▸ TASK BRIEF: Reproduce each line below precisely. Drop the pictures.

─── DATASET EXTRACT ───

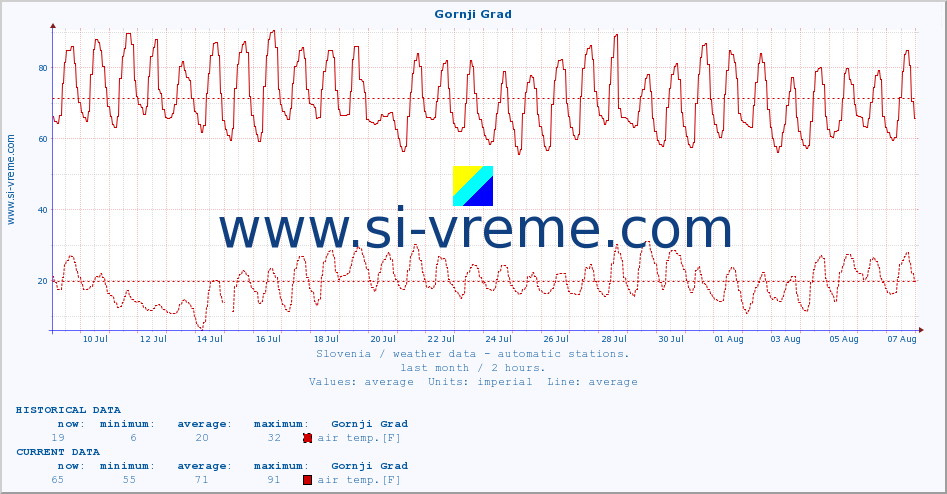  :: Gornji Grad :: air temp. | humi- dity | wind dir. | wind speed | wind gusts | air pressure | precipi- tation | sun strength | soil temp. 5cm / 2in | soil temp. 10cm / 4in | soil temp. 20cm / 8in | soil temp. 30cm / 12in | soil temp. 50cm / 20in :: last month / 2 hours.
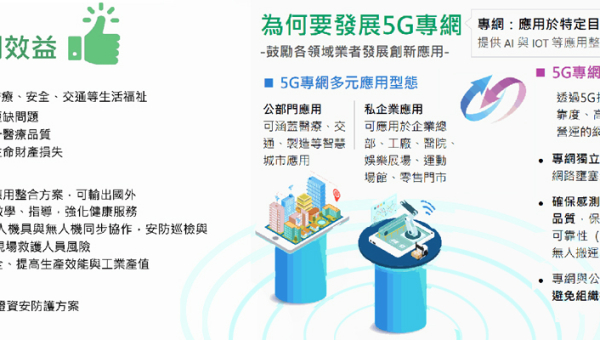 5G企業專網好處多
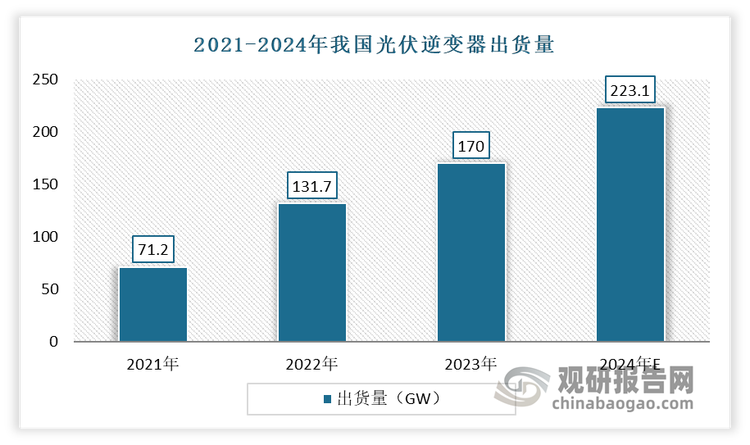 近年来随着光伏经济性的提升与节能减排政策的推进，我国光伏行业持续景气，多家逆变器企业开启定增扩产之路，我国光伏逆变器出货量快速增长。数据显示，2023年我国光伏逆变器出货量达170GW，较上年同比增长29.08%；预计2024年我国光伏逆变器出货量达223.1GW，较上年同比增长31.24%。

───

▸ TASK RESPONSE:
  :: Gornji Grad :: air temp. | humi- dity | wind dir. | wind speed | wind gusts | air pressure | precipi- tation | sun strength | soil temp. 5cm / 2in | soil temp. 10cm / 4in | soil temp. 20cm / 8in | soil temp. 30cm / 12in | soil temp. 50cm / 20in :: last month / 2 hours.
 5G企業專網好處多
 近年来随着光伏经济性的提升与节能减排政策的推进，我国光伏行业持续景气，多家逆变器企业开启定增扩产之路，我国光伏逆变器出货量快速增长。数据显示，2023年我国光伏逆变器出货量达170GW，较上年同比增长29.08%；预计2024年我国光伏逆变器出货量达223.1GW，较上年同比增长31.24%。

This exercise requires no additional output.